Australian Woman Marries 600-Year-Old Bridge


An Australian artist married a French bridge last month.

Jodi Rose, who records the vibrations of bridge cables for her “Singing Bridges” project, married Le Pont du Diable, a 600-year-old bridge in Southern France on June 17. Fourteen guests, including the mayor of Saint-Jean-de-Fos, attended the wedding, which was held at the bridge’s entrance.

“He makes me feel connected to the earth and draws me to rest from my endless nomadic wanderings,” Rose wrote on her blog, Bridgeland.

She went on to explain that her love for The Devil’s Bridge is “a symbolic affair, a pagan/animist view of the spiritual vibration in everything.” Rose said the bridge understands that she loves other bridges and men.

“Ours is a love that embraces the vagaries of life, as materialized in the swirling currents of the river that flows beneath his magnificent body,” she continued. “This is why I am marrying the bridge. He is fixed, stable, rooted to the ground, while I am nomadic, transient, ever on the road.”
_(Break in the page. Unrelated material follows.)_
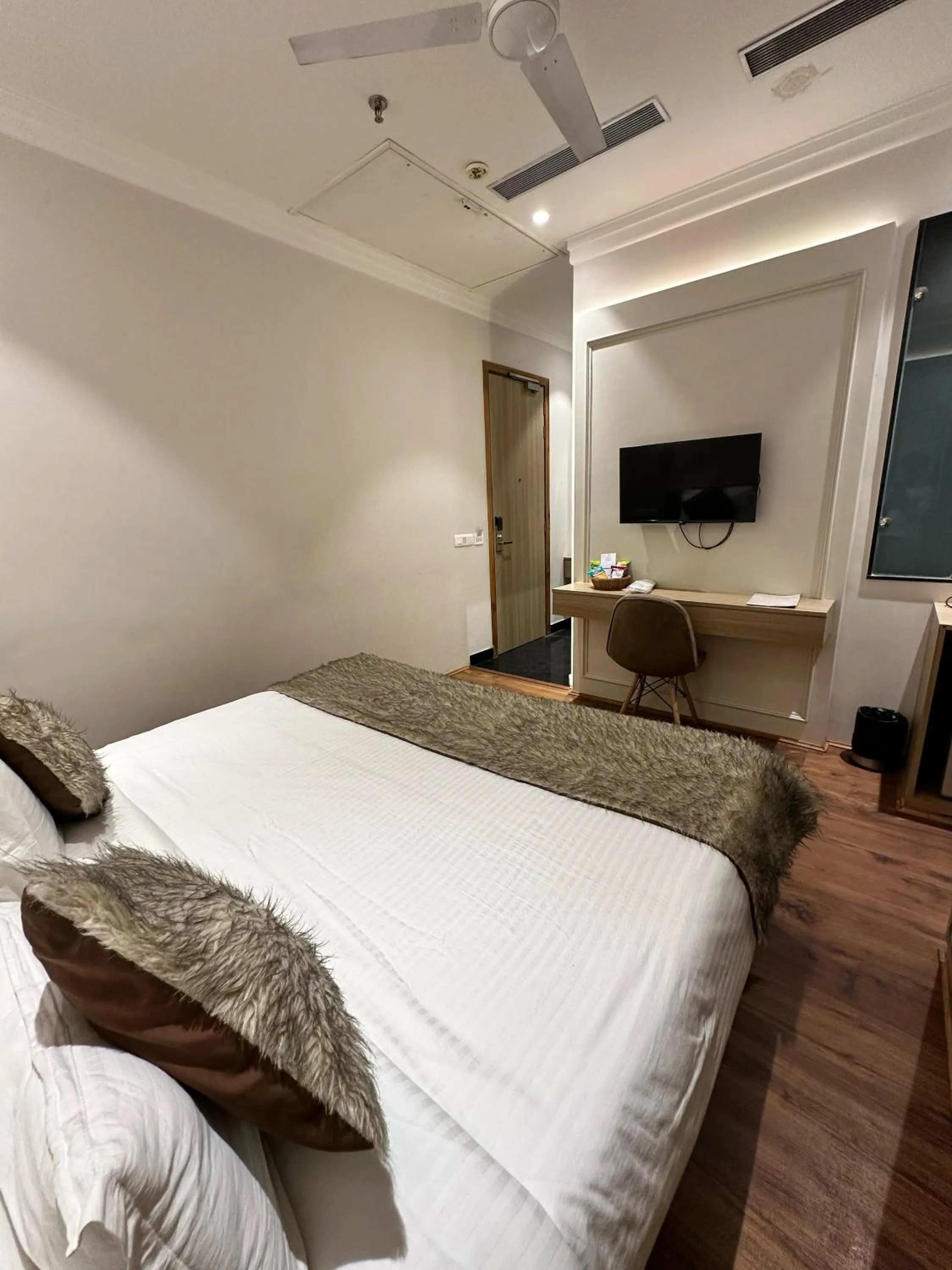 Bedroom, Bed in Hotel Euphoria Green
Le Pont du Diable was constructed by Benedictine monks in the first half of the 11th century, and provided a link between the abbey at Aniane and the Gellone Abbey at Saint-Guilhem-le-Désert. The bridge was widened and raised several meters around 1770. The bridge is listed as a UNESCO World Heritage Site and as a monument historique by the French Ministry of Culture.

A bridge isn’t the only inanimate object someone has married. In 2012, an Occupy Seattle protestor married an abandoned warehouse.

“I’m doing this to show the building how much I love it, how much I love community space, and how much I love this neighborhood. And I want to stop it from gentrification,” said Baylonia Aivaz. “If corporations can have the [same] rights as people, so can buildings.”

What do you think of Jodi Rose’s marriage to The Devil’s Bridge?